Surface sampling in 2022 returned grades up to 30 grams per tonne of oxide gold outside the current pit shell. That sampling expanded the known mineralised envelope but could not be followed up with drilling under the prior 5-acre restriction. The 2026 drill program will test whether those surface results extend at depth and grade.
Integra trades at a price-to-net asset value (P/NAV) multiple of 0.31 times based on consensus analyst estimates as of February 2026, below the junior producer peer average of approximately 0.66 times to 1.24 times. The Nevada North PFS delivery in the second half of 2027 converts the project from PEA-stage economic estimates into engineering-supported capital and operating costs. That crystallisation typically narrows the valuation discount applied to development-stage assets. The company's combined M&I resource inventory across Florida Canyon, DeLamar, and Nevada North totals 6.9 million ounces of gold equivalent, with an additional 3.1 million ounces of gold equivalent in the Inferred category. The market is currently assigning minimal value to Nevada North's resource base relative to its stated PEA economics and the company's ability to fund its advancement without equity dilution.
Investor Watchlist
The NOI from the BLM in May 2026 will establish the federal permitting timeline and define environmental baseline data requirements. The 5,500-metre drill program execution through 2026 will determine whether resource conversion targets are met and whether metallurgical variability requires process design adjustments ahead of the PFS.

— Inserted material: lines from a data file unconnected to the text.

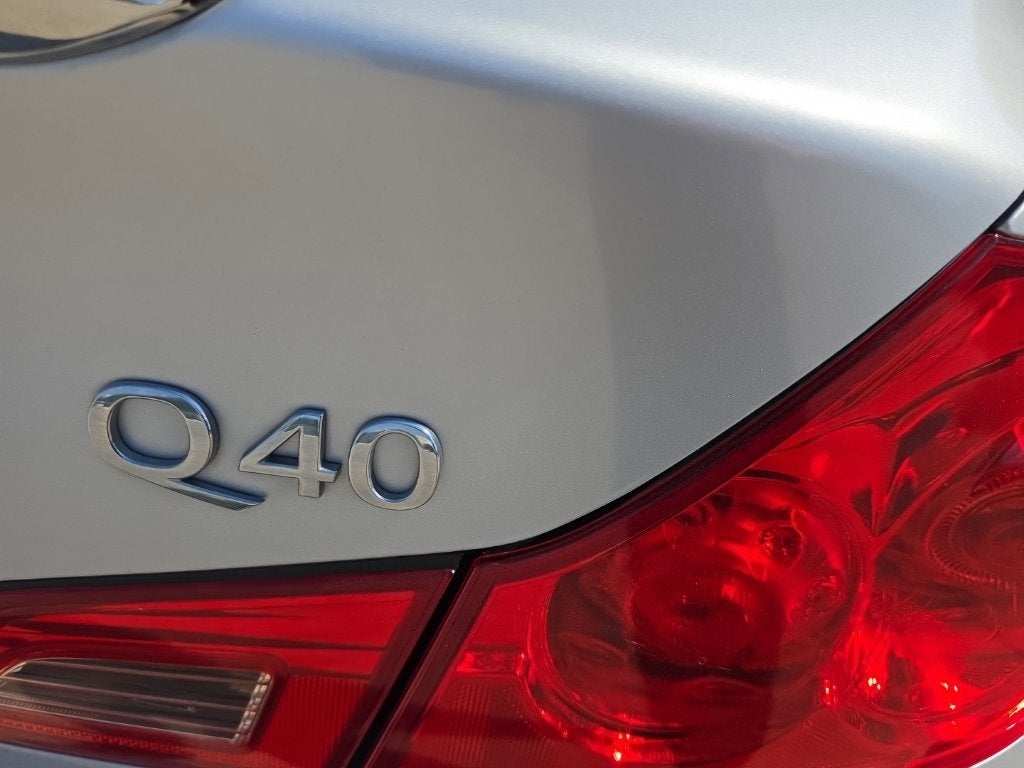 2015 INFINITI Q40 Base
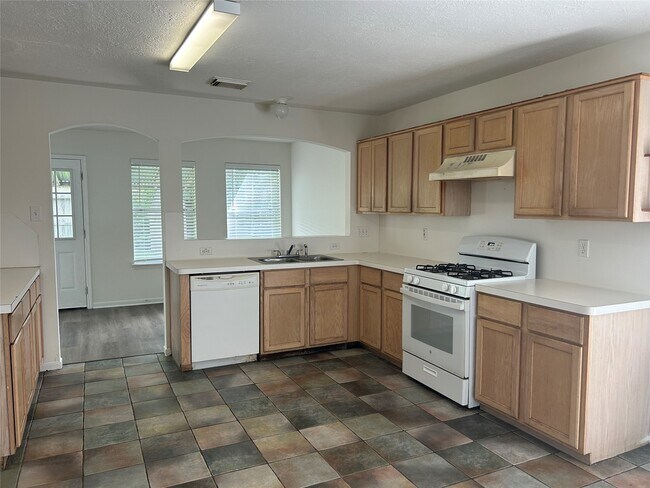 Building Photo - 24011 Goodfellow Dr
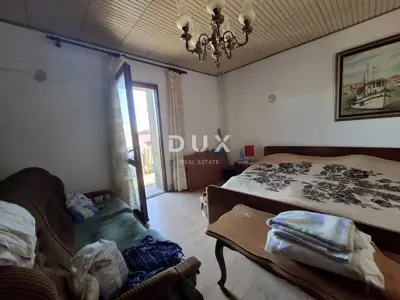 House 190 m², Bale - stone house in the center with garden - 16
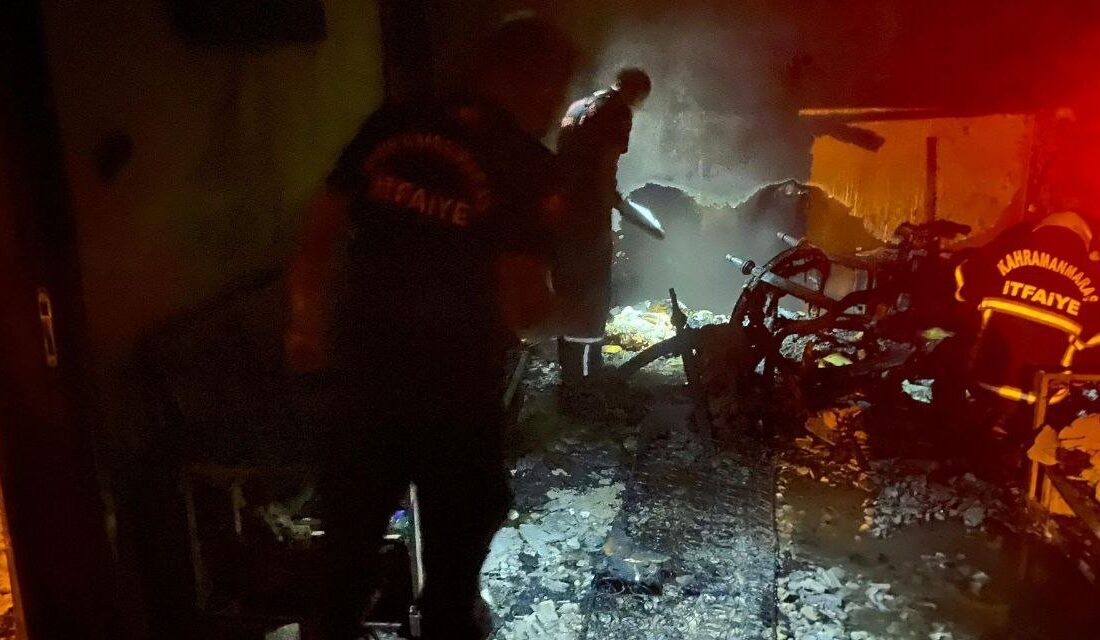 Kahramanmaraş’ta bir ikametle çıkan yangın korku dolu anların yaşanmasına neden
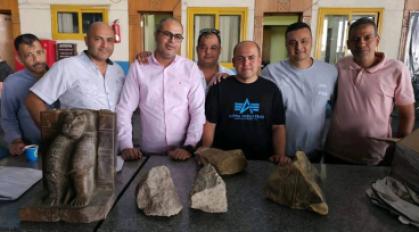 الجمارك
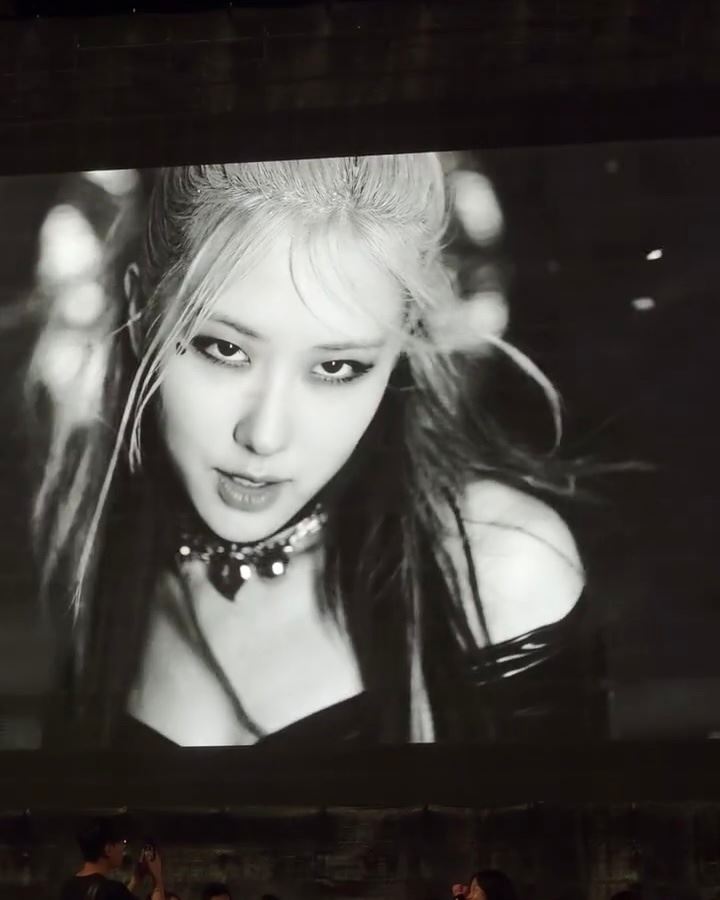 BLACKPINK曼谷演唱會把撥放MV環節換成黑白色。(圖/翻攝自微博)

The 2027 PFS will either maintain or revise the US$310 million after-tax NPV5% and 37% IRR from the 2023 PEA, as updated metal price assumptions, resource classification changes, and refined capital estimates flow through the economic model.
Florida Canyon's ability to sustain 70,000 to 75,000 ounces of production in 2026 and achieve the targeted increase to 80,000 to 90,000 ounces in 2027 and 2028 directly determines the company's capacity to fund Nevada North without drawing on external capital.